The final rule revises and clarifies EPA's current regulatory requirements for establishing Total Maximum Daily Loads (TMDLs) and the National Pollutant Discharge Elimination System under the Clean Water Act.
Enclosed is our assessment of the EPA's compliance with the procedural steps required by section 801(a)(1)(B)(i) through (iv) of title 5 with respect to the rule. Our review indicates that, with the exception of the determination regarding the Unfunded Mandates Reform Act of 1995 as discussed in the report cited below, the EPA complied with the applicable requirements.
Enclosed is a recent report issued by our Office concerning this rulemaking. (TMDL Regulations, GAO/RCED-00-206R, June 21, 2000) The report discusses uncertainties in the assumptions used in EPA's economic analysis and EPA's determinations under the Regulatory Flexibility Act and the Unfunded Mandates Reform Act of 1995 (UMRA). The report concludes that because of the uncertainties in the EPA cost estimates, the analysis did not adequately support EPA's determination that a more detailed analysis of costs, benefits, and alternatives was not needed pursuant to the UMRA.
If you have any questions about this report, please contact James W. Vickers, Assistant General Counsel, at (202) 512-8210. The official responsible for GAO evaluation work relating to the subject matter of the rule is Peter Guerrero, Director, Environmental Protection Issues. Mr. Guerrero can be reached at (202) 512-6111.
Robert P. Murphy
ANALYSIS UNDER 5 U.S.C. 801(a)(1)(B)(i)-(iv) OF A MAJOR RULE
ISSUED BY THE
ENVIRONMENTAL PROTECTION AGENCY
"REVISIONS TO THE WATER QUALITY PLANNING AND MANAGEMENT REGULATION AND REVISIONS TO THE NATIONAL POLLUTANT DISCHARGE ELIMINATION SYSTEM PROGRAM IN SUPPORT OF REVISIONS TO THE WATER QUALITY PLANNING AND MANAGEMENT REGULATION"
(i) Cost-benefit analysis
EPA performed a cost-benefit analysis of the final rule and concludes that the total incremental cost associated with the rule is not expected to exceed $22.88 million per year over the period from 2000 through 2008. This figure consists of annual costs for revising (a) the listing requirements ($0.066 million), (b) the content and development of TMDLs ($13.708 million), and (c) the requirement for TMDLs to be developed within 10 years ($9.03 million). EPA's reissuance of state-issued expired and administratively continued permits constitutes the final $0.078 million.
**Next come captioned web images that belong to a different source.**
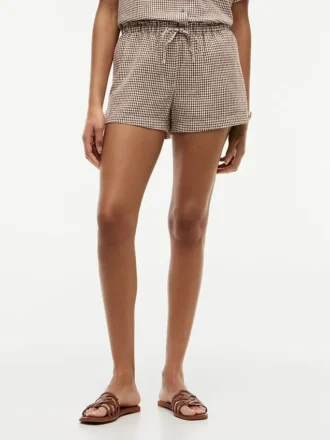 Pantaloni scurți din amestec de in cu imprimeu gingham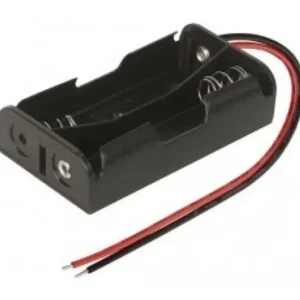 Kit 500 Peças - Suporte P/ 2 Pilhas Aa Canoa Preto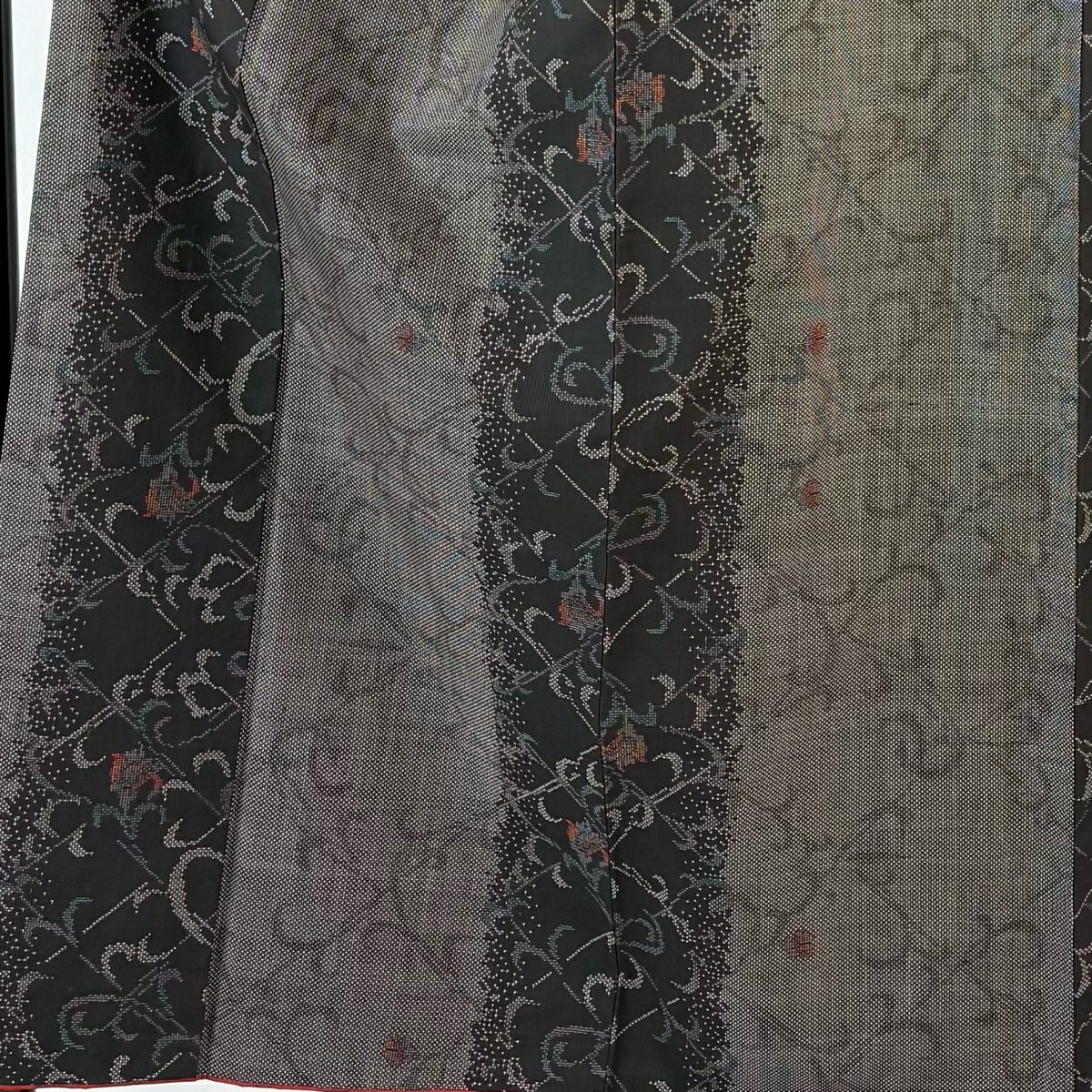 付下 身長153.5cm 袖長64cm M 雙層 花唐草紋 黑灰 純蠶絲 優品級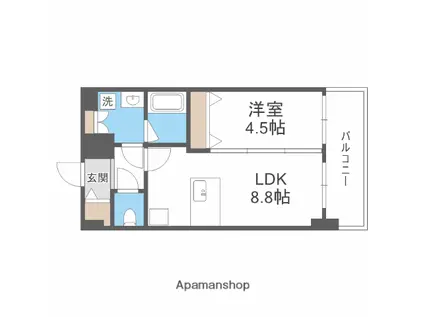 ベイサイドパークOSAKAノースレジデンシス(1LDK/11階)の間取り写真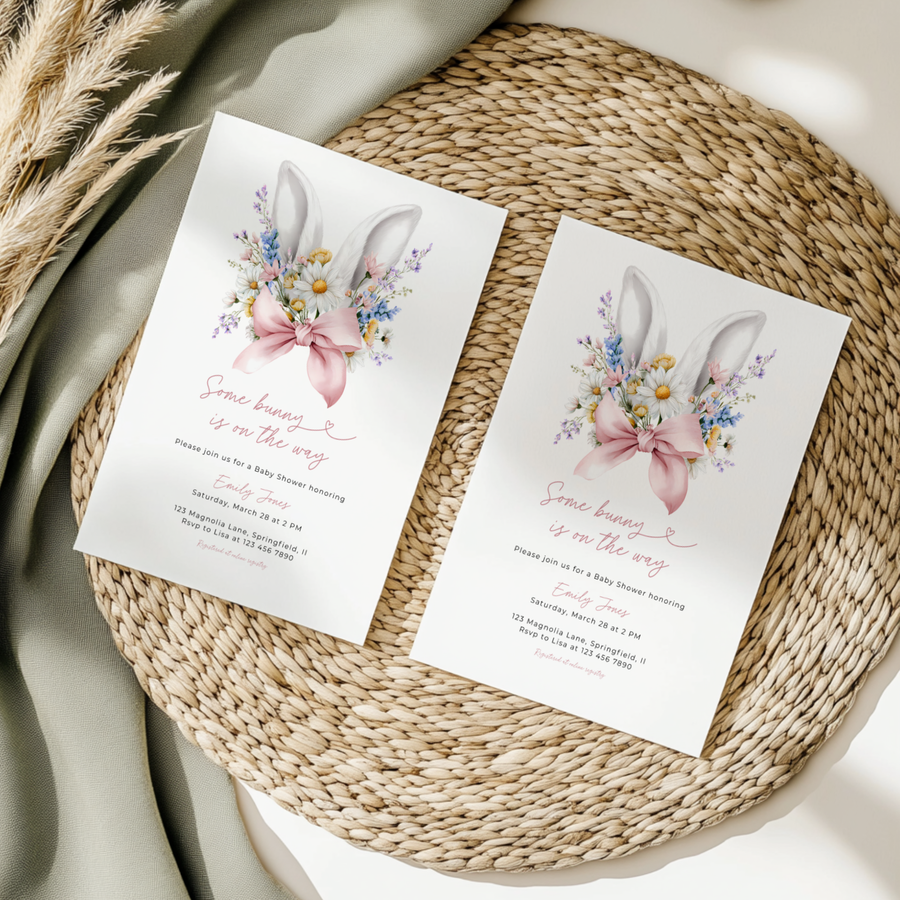 Floral Some Bunny Is On The Way Baby Shower Invitation BS286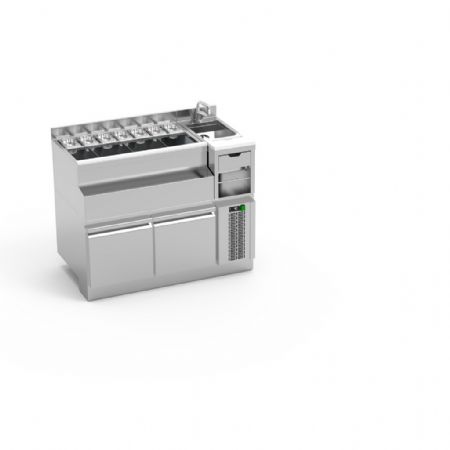 Table cocktail professionnelle réfrigérée en inox évier, bac à glaçons et support bouteilles - Eratos - LMRM-120D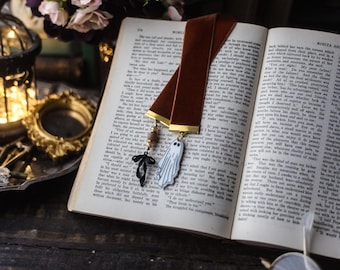 Ghost Bookmark: Copper Velvet Ribbon, Spooky Book Lover Gift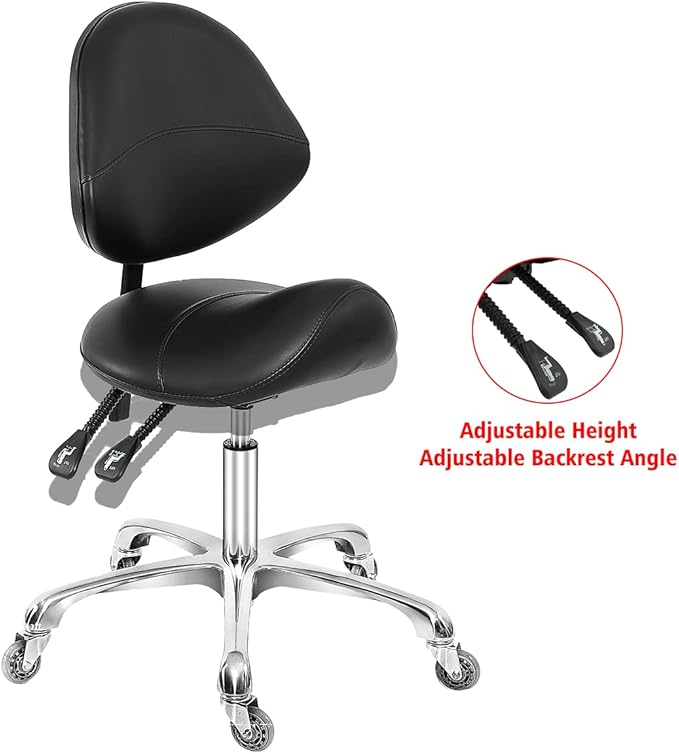 Antlu Saddle Stool Dental Hygienist Chair with Back Support, Rolling Esthetician Saddle Stool for Lash Salon Tattoo Shop Spa Dentist Clinic (with Backrest, Black)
Our June 21, 2000, report points out that these costs are based assumptions that have numerous uncertainties. For example, EPA assumed that states are essentially in full compliance with current regulations and, therefore, only estimated the costs that would result from the final rules. Also, key water quality data available to EPA was incomplete, inconsistently collected by states, and sometimes based on outdated and unconfirmed sources.
(ii) Agency actions relevant to the Regulatory Flexibility Act, 5 U.S.C. 603-605, 607, and 609
The Administrator of EPA has certified the final rule will not have a significant economic impact on a substantial number of small entities. According to EPA, the final rule does not impose any requirements on small entities but only on states, territories, and authorized tribes.
(iii) Agency actions relevant to sections 202-205 of the Unfunded Mandates Reform Act of 1995, 2 U.S.C. 1532-1535
As defined in title II, EPA has determined that the final rule contains no federal mandates on either state, local, or tribal governments, or the private sector of more than $100 million in any one year. This is based, according to EPA, on the fact that the final rule does not impose enforceable duties on any state, local, or tribal government, or the private sector and because the total incremental cost associated with the rule is not expected to exceed $22.88 million in any one year.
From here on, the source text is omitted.